In its earliest documentation, Mount Sophia was known as Bukit Seligi, bearing the name of the local nibong palm — a tall, slender species distinctive for its rather alarming thorn-covered trunk. It was not until the colonial period that the hill was given its western name: first as Flint’s Hill — after Captain William Flint, the colony’s first Master Attendant who lived on the hill; then renamed Mount Sophia by Flint—in honour of Singapore founder Sir Stamford Raffles’ second wife, Lady Sophia Raffles, and Flint’s own daughter, Mary Sophia Anne. Flint grew spices on the hill for years.

The hill was later sold to Charles Robert Prinsep, who also owned the adjacent Bukit Cawa (the present Mount Emily). Prinsep was a nutmeg mogul and cultivated plantations on his hills. His estate extends all the way to what is today’s Istana grounds. Mount Sophia’s elevation above lowland flooding and its proximity to the genteel neighbourhood of Orchard Road made it an ideal address for the well-heeled. During Prinsep’s time, grand mansions were already erected on the hill. Theodor August Behn and Valentin Lorenz Meyer (of Behn, Meyer & Co, which, in these early days, traded in tropical produce such as coconut oil and pepper) were some of the listed hills residents in 1842.
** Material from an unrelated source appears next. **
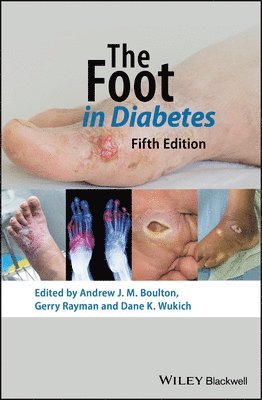 The Foot in Diabetes 1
Through the 1860s, as the colony population grew, Prinsep started to parcel the land out for sale. By the early 1900s, many more houses had sprung up on the hill, as can be seen in town maps from that time. Likely the most elaborate mansion there was the Eu Villa, the family mansion of Eu Tong Sen built in 1913. Located halfway up the hill, the lavish property was so large it kept five watchmen and a pack of thoroughbred Alsatians, Mastiffs and Great Danes on guard. The villa boasted of a dining room that could seat over a hundred guests; as well as a ballroom that was as big as Raffles Hotel’s and that overlooked just two of Eu Villa’s many tennis courts. The residence has been described as ‘magical’ and ‘castle- like’ in accounts — its fairy-tale status sealed in popular imagination when the villa was sadly demolished in the 1980s.

Over the years, the area was also home and social ground for various communities. In particular, many Sikh and Jewish families settled there. Traces of their lives can still be seen in some of the community buildings that pepper the hill and its surrounds today. Landmarks featured on heritage and interest tours include Sophia Flats. Standing at the entrance of Mount Sophia, this 1930s building was where Jewish immigrant Frank Benjamin had lived in and set up his first office after the war. Not far away, the David Elias building bearing the six-pointed Star of David bas- relief on its façade also reflects the heritage of its Jewish owner.

Mount Sophia was gazetted on 1 December 2003 as Mount Sophia Conservation Area, serving as a physical link between the Civic District and the Little India Historic District.